I’m a bettin’ woman, so my bet is on the young people who are in motion based upon the latest mass shooting. This could finally be the time that some reform in gun laws gets traction. No matter how small that change is, it will be the action that cracks the door for more and bigger actions. The students at Marjory Stoneman Douglas High School have lit a prairie fire.

I thought surely there’d be some action by Congress when one of their own (U.S. Rep. Gabrielle Gifford) was a target of gun violence in 2011. I knew we had hit rock bottom when young children at Sandy Hook Elementary School became casualties the following year and watched with disgust as the NRA doubled-down.

Here we are again, locked in a now predictable cycle: mass shooting, outrage and grief, aggressive push for reforms, pushback by the National Rifle Association, retreat until the next tragedy strikes.

We have accepted this reality because as we have refused to get to the roots of our violence problem. Instead, we choose to arm ourselves to deal with anticipated, inevitable violence that is happening all around us on so many levels. Face it: We are a violent nation.

It’s not just about the growing and more deadly massacres carried out by mainly white males with automatic weapons. I’m talking about police violence, military violence, state executions, domestic violence, sexual violence, gender violence, racial violence, religious violence, intra-race community violence. There’s bullying by all ages. There’s the mayhem and destruction caused by policy and legislation.

Violence is most thought of in terms of physical violence, but it’s also verbal, psychological, cultural and social. We. Are. A. Violent. Nation.

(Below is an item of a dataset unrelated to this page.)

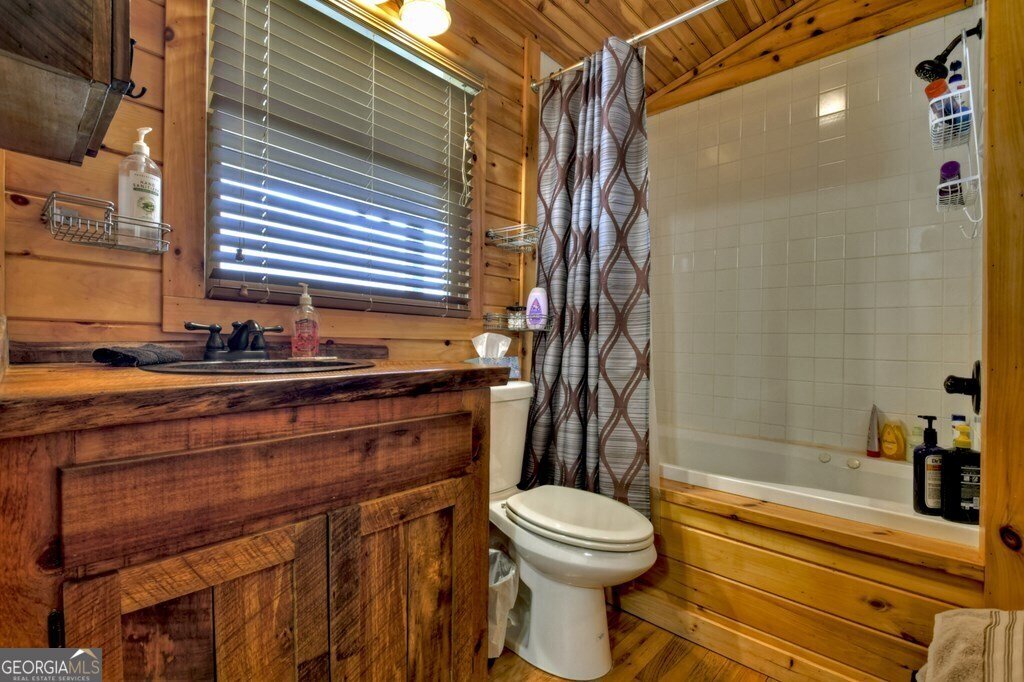 908 Cashes Valley Road Cherry Log - 55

Let’s not get too hung up with issues like access to mental health services; everyone who does physical harm to someone is not necessary mentally ill. This is about our collective propensity towards violence.

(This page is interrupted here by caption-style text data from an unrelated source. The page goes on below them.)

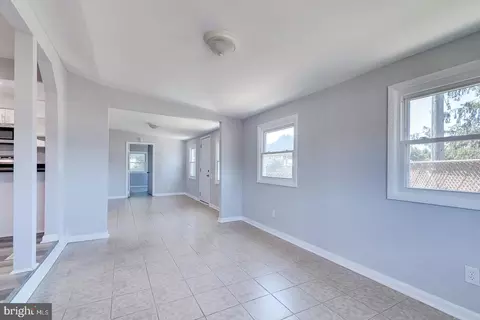 Entry Way - 1522 Forrest Ave, Dover, DE 19904 photo 2 of 12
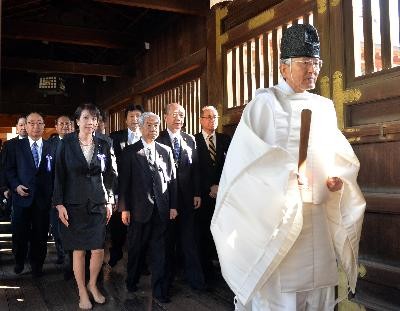 China blasts Japanese legislators’ visits to Yasukuni Shrine 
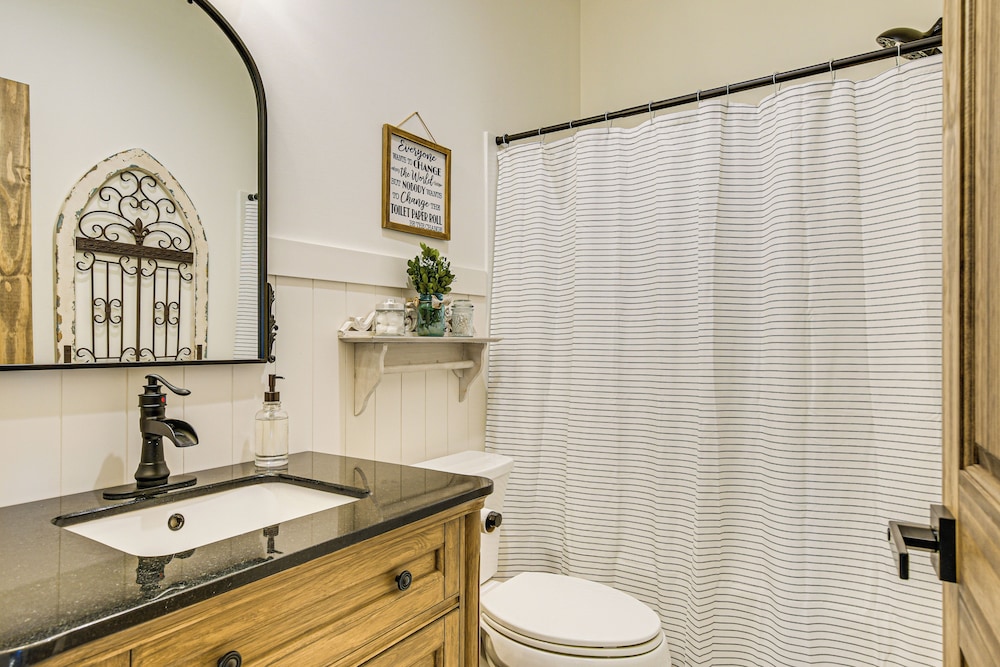Family-friendly Barndominium Near Greenville!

If we really start to get to the root of U.S. violence, we will see that capitalism relies heavily on working class people blaming the “other” while the One Percenters watch in delight all the way to the banks. Who gets the good-paying jobs, who gets the harshest prison sentence, who gets the substandard house in a hyper-segregated neighborhood, who gets access to quality education – all these indicators that affect quality of life are daily, controlled battles designed to keep us stressed while a growing oligarchy dismantles any semblance of democratic structures and processes.

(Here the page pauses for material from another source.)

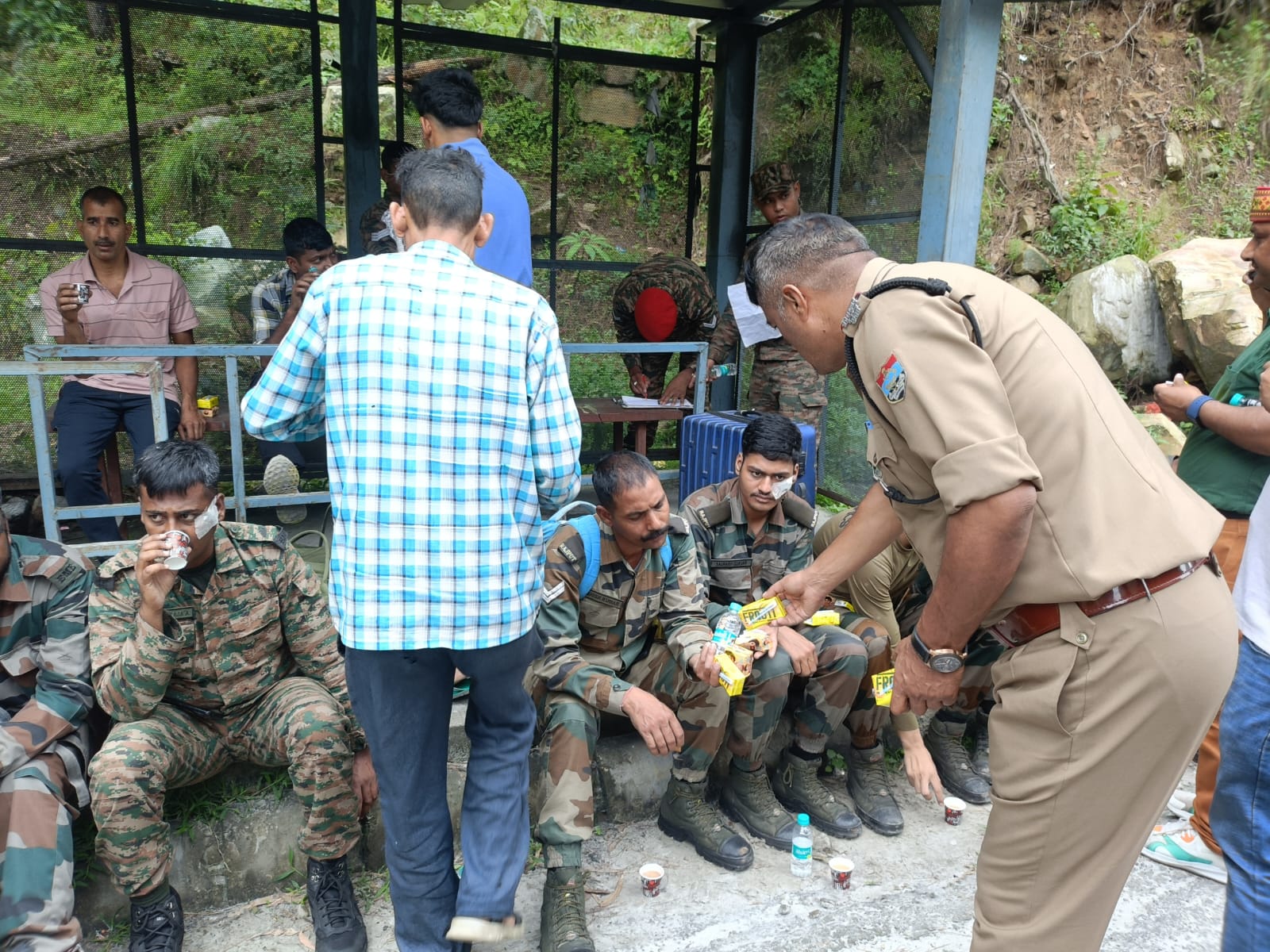 हादसा:  बदरीनाथ हाईवे पर सेना के जवानों की बस पलटी, कई घायल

So, look over your shoulders, adults with power to make changes but who care more about money than the lives of young people. History has showed us time and time again that the impatience of the youth for injustice and inhumanity often accelerate the slow wheels of change.

These are not actors; they are citizens and future voters. To the Marco Rubios and Roy Blunts of the world, they are coming after your seat. You are standing in the way of young people who are fighting for their very lives.